Found in: Frontier Parents

Love and Logic

Here at Frontier Kids Care, we continue to tell all our patients about Love and Logic®, the new fun way of parenting.


Love and Logic® is  an approach to raising kids that provides loving support from parents while at the same time expecting kids to be respectful and responsible.

Better Now Than Later

Over the last twenty years, people have shared lots of fun Love and Logic success stories with us. Some have even used it successfully on their spouses! Kids can be a challenge, but with a few Love and Logic tools, you can up the odds that the early years—and beyond—will be a joy. What’s the most important advice we give parents? Start as early in the child’s life as possible.

Imagine that you’ve joined a camping trip for parents and their toddlers, and you’re out in the bush, sharing this joyful experience with your four-year-old, who’s been enjoying the new scenery, the layers of leaves and mulch, the tiny creatures he’s discovered on the ground, and the sounds of the rainforest.

On the trip is a mother with a strong-willed toddler. Suddenly, the peacefulness of the forest is pierced by her child’s whiney voice. “Mummy, look at this. Mummy, come over here and look at this worm. Mummy, hold my hand. Mummy walk slower! Mummy, I want my bucket and shovel so I can dig up this anthill! Mummy! Mummy! Mummy!”

The mother looks at you with some embarrassment and says, laughing nervously, “Jake is always so bossy. I don’t know why.”

You smile politely and move on, but you think to yourself, “I know why.” This is another mother who is waiting until “later” to teach her child about responsibility and treating others with respect. You hope she doesn’t wait too much longer.

Why do some parents wait until later to begin setting limits and enforcing them? Why do some allow their toddlers to get out of control and begin running the home? Some parents believe that young children are too young for discipline. Don’t fall into that trap.

Three Common Myths about Discipline

Let’s take a look at three common myths about discipline and young children.

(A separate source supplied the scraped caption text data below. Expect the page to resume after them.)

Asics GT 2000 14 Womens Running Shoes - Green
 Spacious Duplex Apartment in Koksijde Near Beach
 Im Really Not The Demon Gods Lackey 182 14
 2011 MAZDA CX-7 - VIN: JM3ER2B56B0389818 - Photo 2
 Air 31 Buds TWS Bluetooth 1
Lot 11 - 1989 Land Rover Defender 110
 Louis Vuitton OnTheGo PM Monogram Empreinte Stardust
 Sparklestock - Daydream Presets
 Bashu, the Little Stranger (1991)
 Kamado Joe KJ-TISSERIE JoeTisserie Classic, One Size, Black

Myth #1: Discipline and learning require language.
Some people believe that children cannot learn or benefit from discipline until they can converse. Nothing is further from the truth! Can the family dog learn how to sit, stay, come, fetch, and lie down? I’ve never met a pooch who talked, but I have met some parents who seem to believe and act like the family dog is smarter than their kids. How sad!

By the age of nine months, human babies are more intelligent than any other animal creature on the planet. Wise parents begin teaching discipline during the early months through simple, loving actions—not words. If your child, for example, throws her bottle, remove it for a while. If your child won’t sit in the high chair, fasten his seat belt. If you child runs away from you in the store, pick him up and gently carry him. Replace lectures, warnings and lots of words with actions.

Myth #2: A little child cannot remember and learn.
Have you ever promised a two-year-old a trip to the park or his favorite fast-food restaurant—and then forgotten to deliver? Will they ever let you forget? Never underestimate what young children can remember, and learn.

Myth #3: Setting limits will break a young child’s spirit.
Some parents worry about making their toddlers angry. These parents seem to reason, “If I make sure that she’s happy all the time, then she’ll grow up to be a happy, nice person.”

Wrong! At the Love and Logic Institute we’re all for happy kids. That’s why we encourage parents to set limits early. Why? Children who are made happy all of the time by their parents experience a major shock when they begin to grow up. Ironically, they soon become the most unhappy and demanding kids, and adults, you’ll ever meet.

When children act out, what they’re saying is, “Please love me enough to set some limits!”